Everyone's self esteem gets a lift in the process. Mom had a ball.
Talent levels and personalities range all over the map, from "Miss
America"-style contest playing (note: one performer, Lauren Green, actually
*was* a former runner-up to Miss America in her previous life, before
becoming a Fox anchorwoman, but she certainly did not play in that
pejorative way: her Rachmaninoff etude was ravishing. I loved her playing),
to weekend warriors, to super-polished conservatory stars who should and
could be professionals but who wound up in other careers to make a living.

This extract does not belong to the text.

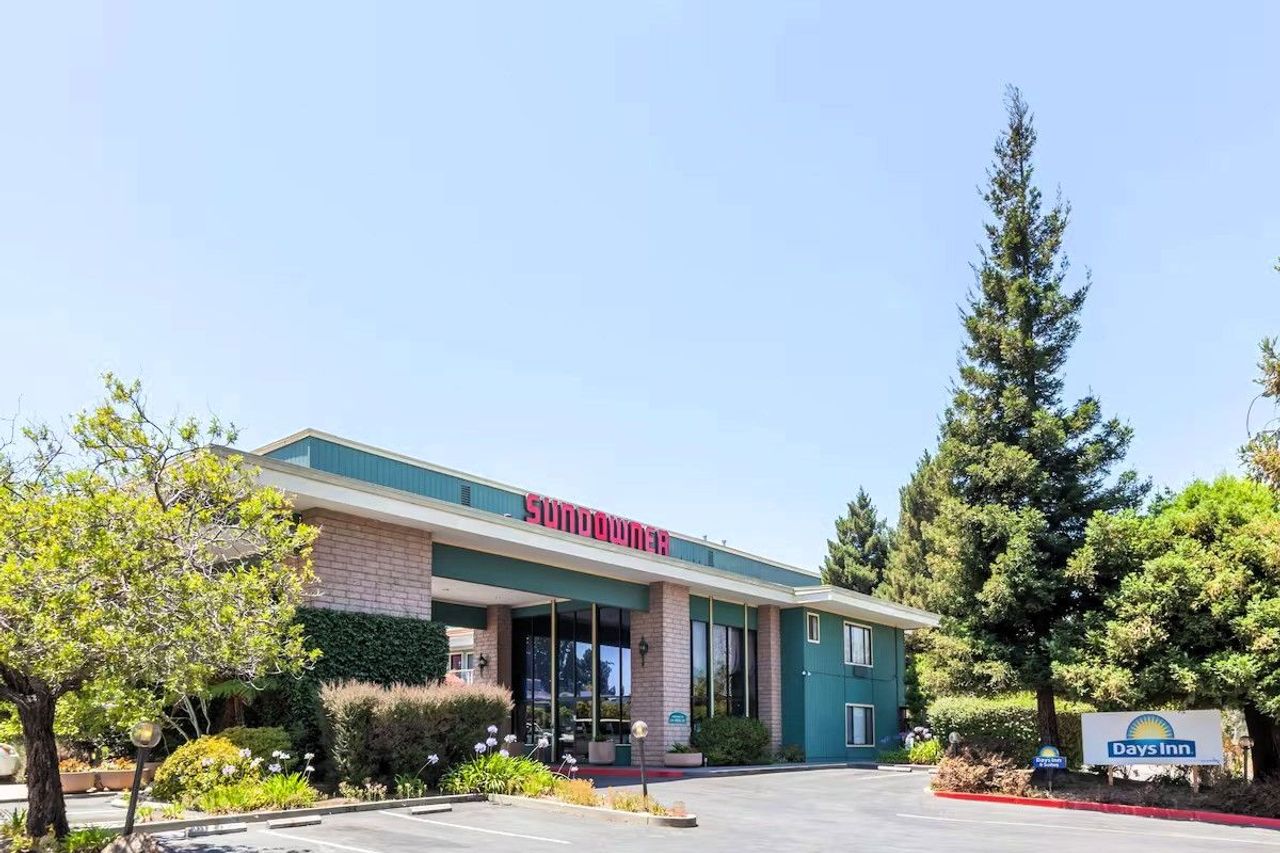 Days Inn & Suites by Wyndham Sunnyvale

That's a perfectly understandable fate in the so-called "business" of music.
Many are no less talented than professionals, but they play for the pure
love of it.
Behind the colorful performers is the music they choose to play. The piano
literature is wonderfully rich and diverse. It covers hundreds of years
of ingenious, expressive creations by people who weren't emotionally
different from us, and the repertoire chosen by the 75-odd performers was
fantastically varied. There are a few too many Chopin "harp" etudes, and
usually four or five Ravel "Ondine"'s (last year, the Chopin g minor ballade
was played 17 times, and at the final dinner party, one of the performers
raised his glass to toast the memory of that piece). But this year, most
of the music, like the performers, was intense and all over the map. What
a fantastic antidote to the kind of cookie-cutter commodity playing that
tends to dominate the classical music scene. Igor Stravinsky wasn't the
most quotable guy in the world, but I think it was he who said, the trouble
with music schools is that they only teach people to play music. What they
really need to do is help people to love it. Well, all the right kinds of
warmth and enthusiasm overflow at this event.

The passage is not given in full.